Other big banks, including Commerzbank, BayernLB and WestLB, have also called their exposure to Ireland relatively minor. ”

I guess 400m is petty cash to DB but why do we keep reading that UK, French and German banks are owed billions upon billions? Who’s spoofing who here?

Are these the first comments directly attributable to an EU official (albeit a spokeperson rather than a Commissioner)? If the EU decides that Ireland cannot, or should not, default/haircut seniors, then surely it starts to become an EU issue/problem, rather than just an Irish one?

@seafoid

“There seems to be a lot of misinformed comment including over the political risk of passing the budget.”

Can you say more about this?
–What’s the perceived political risk?
–What’s the actual situation in your opinion?

@Caesar

Thank you for the “Brady plan” link.

Do you think this is under active consideration?

If not, why is it not being considered?
How high are the barriers?

@Eoin,

It has been an EU issue/problem for some time, but it became one formally when the cavalry rode into town last Thursday. Prior to that the ECB was only providing liquidity, DG COMP was looking at state-aid issues in capital transfers to the banks and DG ECFin was looking at any progress towards adherence to the G&SP. We’re now in a different frame of reference and different legal and politcial instruments may be applied.

@ Karlos

just got a very thorough Deutsche Bank piece on the EFSF funding cost – they reckon the overcollaterlisation part will be dropped for political reasons, ie no need to multiply by the 120%. They also reckon that the 120% collateralisation is only required once the fund gets tapped beyond a certain amount (the sum of the triple-A guarantees underlying it), although they admit this requires further disclosure from the EFSF itself (whcih they expect once/if Ireland taps it).

This reduces funding back to simple 3mth Euribor+300bps(+50bps fee annualised) = 4.85% on a 3yr. Might be the quid pro quo for not haircutting seniors.

“The EFSF Framework Agreement states in its Preamble that the non-binding benchmark for EFSF lending would be 3M Euribor+300bp for floating rate loans up to three years, plus an upfront fee of 50bp. If loans longer than three years are granted, an additional 100bp are added to the loan rate, and fixed rate loans are based on the relevant Euribor swap rate plus the applicable spread. These are the same terms as for the EUR 80bn EU bilateral aid package for Greece.
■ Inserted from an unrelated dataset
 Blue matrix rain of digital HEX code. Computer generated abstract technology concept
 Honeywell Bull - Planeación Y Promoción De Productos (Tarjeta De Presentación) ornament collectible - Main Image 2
To us, the Greek pricing benchmark is extremely important because politically it will be very difficult for the EFSF to charge a significantly different amount to other borrowers. If the EFSF were to charge a higher rate, it could send the signal that it is good to get into trouble early and be helped at preferential rates. If the EFSF were to charge a significantly lower rate, Greece could at least in theory apply for EFSF funds, which we note is undesirable, especially now that the rating company requirements have lowered the potential lending amount from the EFSF.
We therefore assume that the Greek pricing benchmark will be used by the EFSF.”

@ noguru

This was based on one presentation but I imagine it is not isolated.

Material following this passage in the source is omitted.